[Image-caption web data]
——
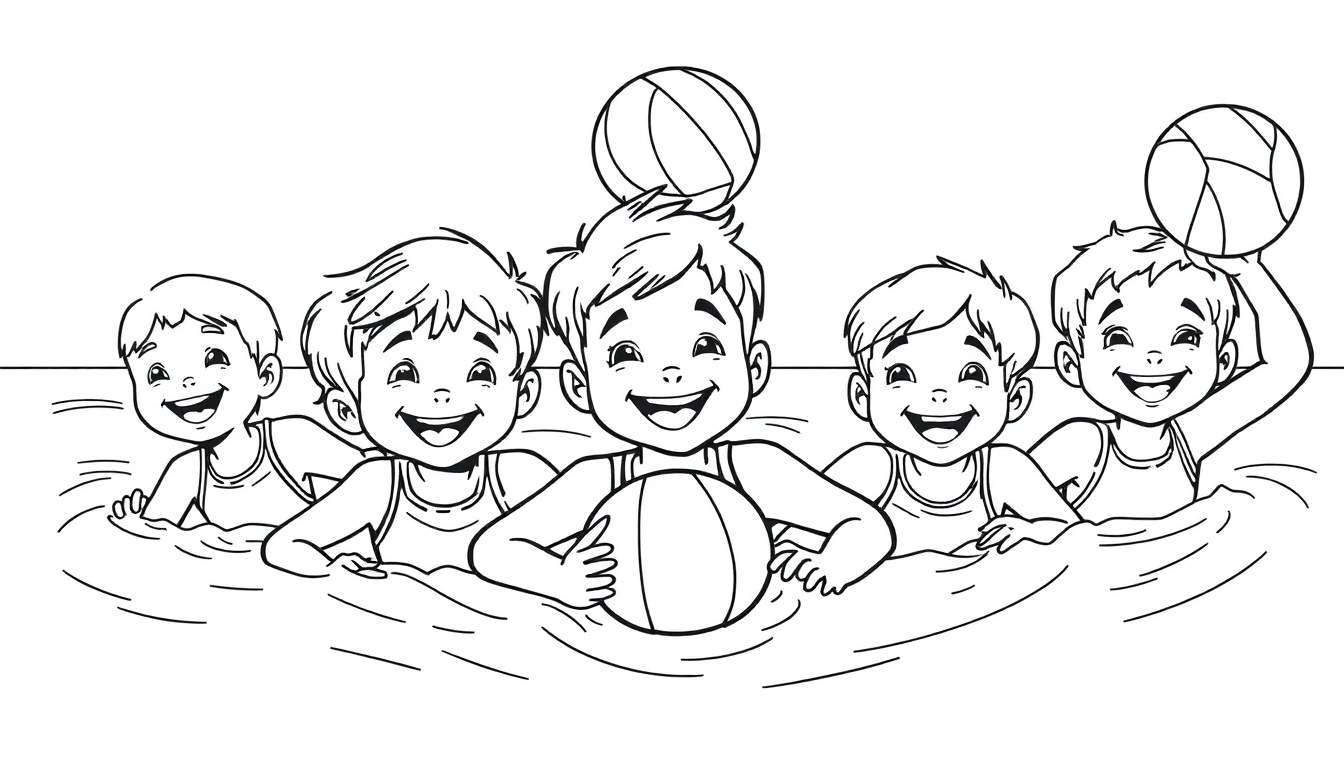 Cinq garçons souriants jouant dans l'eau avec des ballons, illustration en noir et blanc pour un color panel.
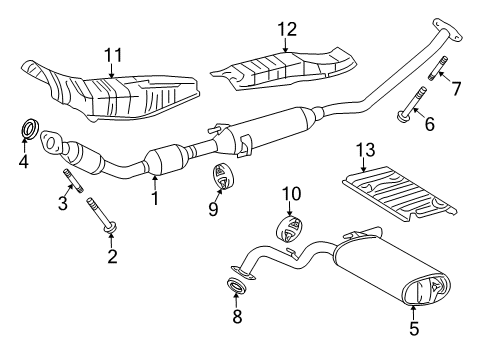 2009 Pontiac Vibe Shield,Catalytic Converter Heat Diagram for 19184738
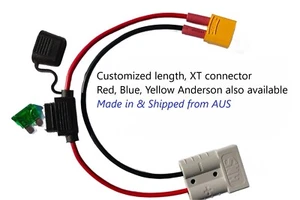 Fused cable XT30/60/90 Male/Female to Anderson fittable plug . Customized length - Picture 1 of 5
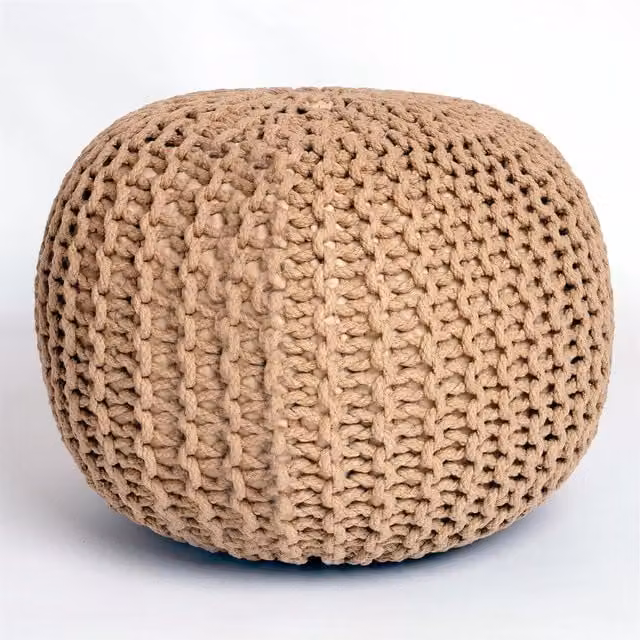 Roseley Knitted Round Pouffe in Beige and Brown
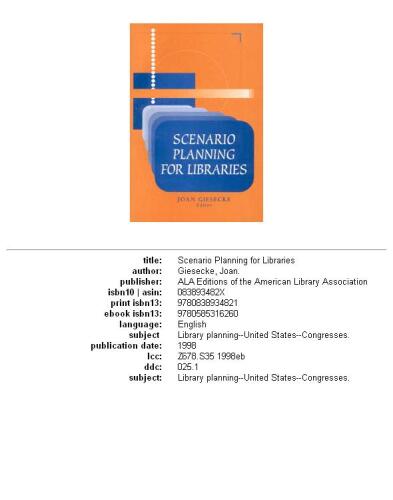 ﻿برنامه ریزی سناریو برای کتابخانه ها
——
Exercise:
Only the lines from the one holding "2009 Pontiac Vibe" through the last line of the records should be output, please, exactly and without any pictures.

Exercise output:
 2009 Pontiac Vibe Shield,Catalytic Converter Heat Diagram for 19184738
 Fused cable XT30/60/90 Male/Female to Anderson fittable plug . Customized length - Picture 1 of 5
 Roseley Knitted Round Pouffe in Beige and Brown
 ﻿برنامه ریزی سناریو برای کتابخانه ها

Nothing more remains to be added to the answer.